Comme un tableau accroché depuis tant d’années que plus personne ne remarque, certains morceaux accompagnent nos journées, pénétrant des oreilles passives et peu attentives, comme un fond acoustique sans importance. À travers un paysage sonore parfois sans surprise, paraissait le 8 mai un album à part, plongeant son auditeur dans l’univers minimaliste des années 1970. Music for 18 Musicians, de l’Américain Erik Hall, réinterpréte l’oeuvre de Steve Reich. Que les oreilles étourdies s’abstiennent : cette oeuvre exigeante s’écoute méticuleusement, dans un état de pleine conscience.
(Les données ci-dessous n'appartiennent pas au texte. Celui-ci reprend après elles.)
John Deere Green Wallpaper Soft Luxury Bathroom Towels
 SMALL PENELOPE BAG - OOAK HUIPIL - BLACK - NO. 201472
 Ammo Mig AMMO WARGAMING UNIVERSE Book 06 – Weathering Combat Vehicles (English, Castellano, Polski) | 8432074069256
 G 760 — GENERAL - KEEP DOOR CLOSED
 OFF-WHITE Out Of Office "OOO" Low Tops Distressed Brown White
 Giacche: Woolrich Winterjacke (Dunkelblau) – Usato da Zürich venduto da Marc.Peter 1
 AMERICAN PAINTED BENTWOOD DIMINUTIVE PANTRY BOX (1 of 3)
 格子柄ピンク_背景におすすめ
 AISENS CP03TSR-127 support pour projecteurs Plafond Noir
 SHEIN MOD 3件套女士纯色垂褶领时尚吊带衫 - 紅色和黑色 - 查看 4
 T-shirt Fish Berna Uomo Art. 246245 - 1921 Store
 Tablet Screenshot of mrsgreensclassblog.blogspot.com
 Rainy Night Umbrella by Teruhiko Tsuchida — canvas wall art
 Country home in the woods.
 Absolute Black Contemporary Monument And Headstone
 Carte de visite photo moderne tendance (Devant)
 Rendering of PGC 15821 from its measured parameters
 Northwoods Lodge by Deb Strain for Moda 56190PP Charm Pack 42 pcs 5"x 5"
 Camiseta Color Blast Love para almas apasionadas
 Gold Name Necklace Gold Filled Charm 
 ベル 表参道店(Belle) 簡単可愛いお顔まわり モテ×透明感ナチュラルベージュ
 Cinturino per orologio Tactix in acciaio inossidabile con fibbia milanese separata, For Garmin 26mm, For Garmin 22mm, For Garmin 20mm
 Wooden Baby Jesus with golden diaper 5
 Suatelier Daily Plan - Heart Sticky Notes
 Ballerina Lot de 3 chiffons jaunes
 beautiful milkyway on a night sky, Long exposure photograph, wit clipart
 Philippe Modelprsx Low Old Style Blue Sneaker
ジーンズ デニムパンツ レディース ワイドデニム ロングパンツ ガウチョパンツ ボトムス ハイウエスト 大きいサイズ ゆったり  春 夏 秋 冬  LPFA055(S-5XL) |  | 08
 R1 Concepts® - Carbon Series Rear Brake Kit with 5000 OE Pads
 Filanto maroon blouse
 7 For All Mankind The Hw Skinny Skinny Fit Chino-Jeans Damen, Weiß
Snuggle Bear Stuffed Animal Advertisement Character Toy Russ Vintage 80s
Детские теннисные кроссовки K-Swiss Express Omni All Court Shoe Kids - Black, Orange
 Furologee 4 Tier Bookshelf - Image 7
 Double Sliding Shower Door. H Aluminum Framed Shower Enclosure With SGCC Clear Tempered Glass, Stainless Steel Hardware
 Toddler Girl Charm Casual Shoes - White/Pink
Composée entre 1974 et 1976 par le musicien américain Steve Reich, Music for 18 Musicians est l’une des créations les plus importantes de la musique minimaliste, courant apparu dans les années 60 aux Etats-Unis, et qui regroupe des oeuvres fondées sur la répétition, d’une note ou d’un accord. Présentée pour la première fois à New York en 1976, cette pièce est immédiatement un succès, bien au-delà de la musique classique. Simplement composée de onze accords, la structure débute par la pulsation de deux xylophones, qui perdure toute la durée de l'oeuvre, comme un fil conducteur obsédant. Au coeur de cette écriture dénuée de tout artifice se fait ressentir l’influence du jazz modal, dont les morceaux So What de Miles Davis ou Africa de John Coltrane ont fait la renommée. Inspiré également par la musique balinaise, Steve Reich soigne chaque transition, écrite autour d’un “appel”, composé d’une note et de son octave jouées au vibraphone. Le compositeur pionnier crée ainsi, entre chacune des 14 parties — deux mouvements pulsatifs et 12 sections de musique modale —, une permanence dénuée d’interruption, comme un long morceau répétitif et presque infini.
Presque cinquante ans après sa création, le musicien américain Erik Hall s’est donc emparé de cette pièce historique et se substitue à chacun des musiciens, mêlant le piano, la guitare électrique et l’historique synthétiseur Moog, remplaçant ainsi les instruments classiques originels. Une prouesse technique que le musicien remplit avec brio, capable à lui seul de respecter la sensibilité de chaque voix. Il en découle cinquante-cinq minutes d’une écoute où répétition ne rime résolument pas avec ennui, notamment grâce aux nappes de synthétiseur qui s’alternent et se répondent comme un dialogue haletant. De quoi donner tort à Steve Reich lui-même, qui, jusqu’en 1997, se refusait à publier la partition de l’oeuvre.